EXERCISE MATERIAL
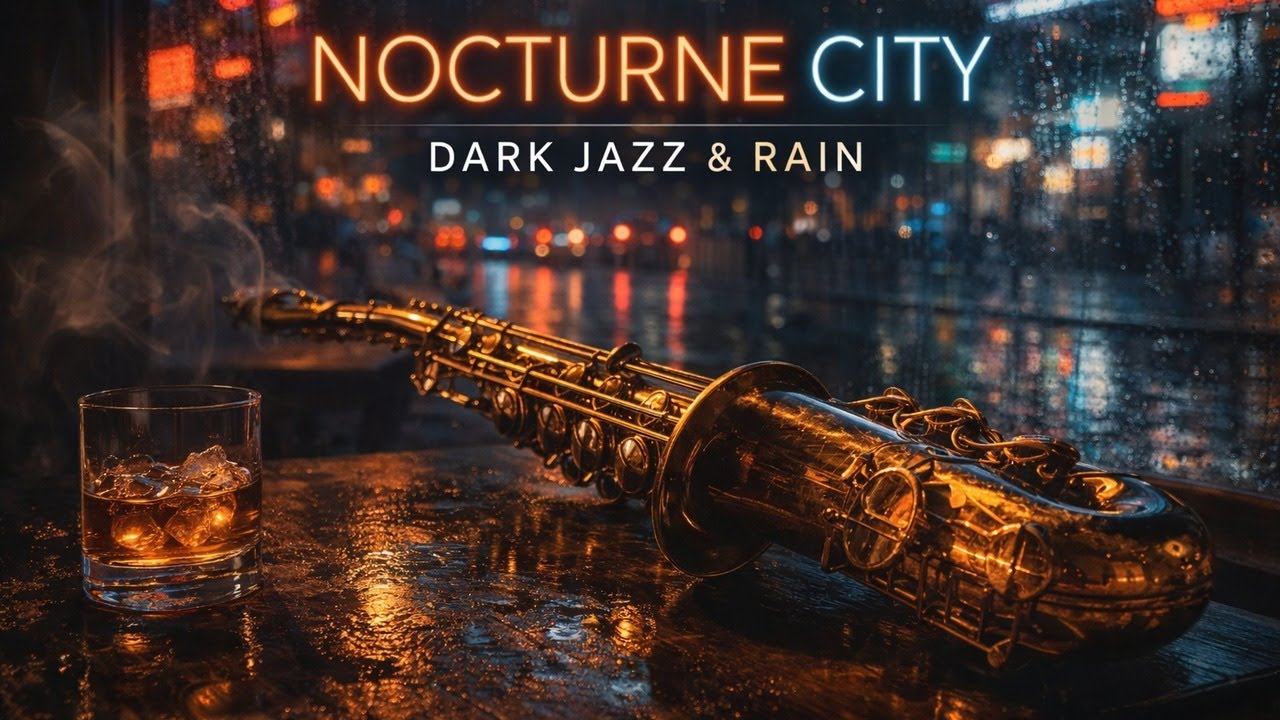 Dark Jazz & Rainy Night Ambience - Cinematic Visuals [Full HD]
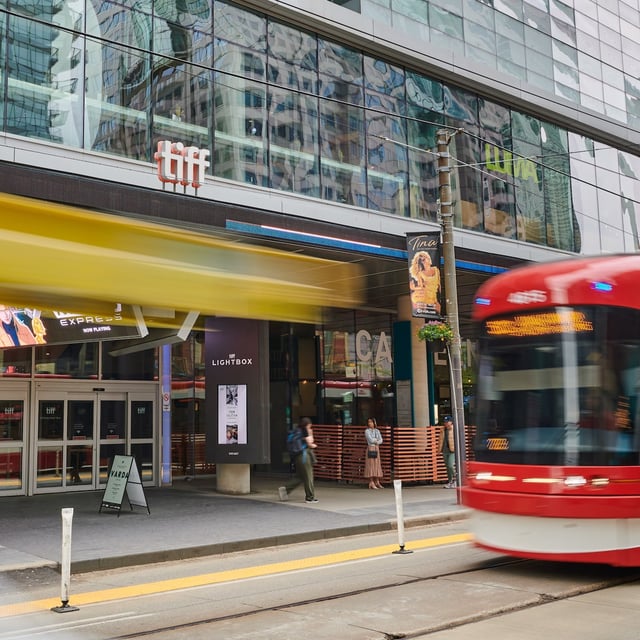 Streetcars pass by TIFF Lightbox on King Street in Toronto on May 15, 2024.
May 15, 2024.
(Sammy Kogan/The Globe and Mail)
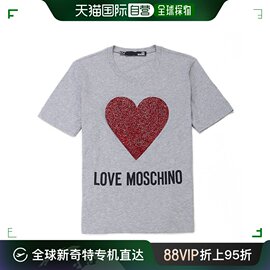 香港直邮lovemoschino爱莫斯奇诺，女士灰色红心形，印花短袖t恤w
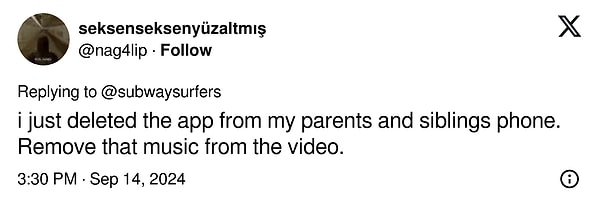 "Uygulamayı ailemin ve kardeşimin telefonundan sildim. O müziği kaldırın."
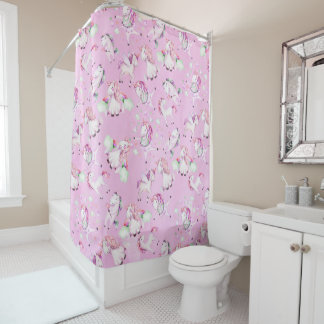 Cute Girly Pink Unicorn Rainbow Watercolor Shower  Shower Curtain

ABOUT THIS TASK
Leaving the pictures out, write out all the material above exactly.

WRITTEN RESPONSE
 Dark Jazz & Rainy Night Ambience - Cinematic Visuals [Full HD]
 Streetcars pass by TIFF Lightbox on King Street in Toronto on May 15, 2024.
May 15, 2024.
(Sammy Kogan/The Globe and Mail)
 香港直邮lovemoschino爱莫斯奇诺，女士灰色红心形，印花短袖t恤w
 "Uygulamayı ailemin ve kardeşimin telefonundan sildim. O müziği kaldırın."
 Cute Girly Pink Unicorn Rainbow Watercolor Shower  Shower Curtain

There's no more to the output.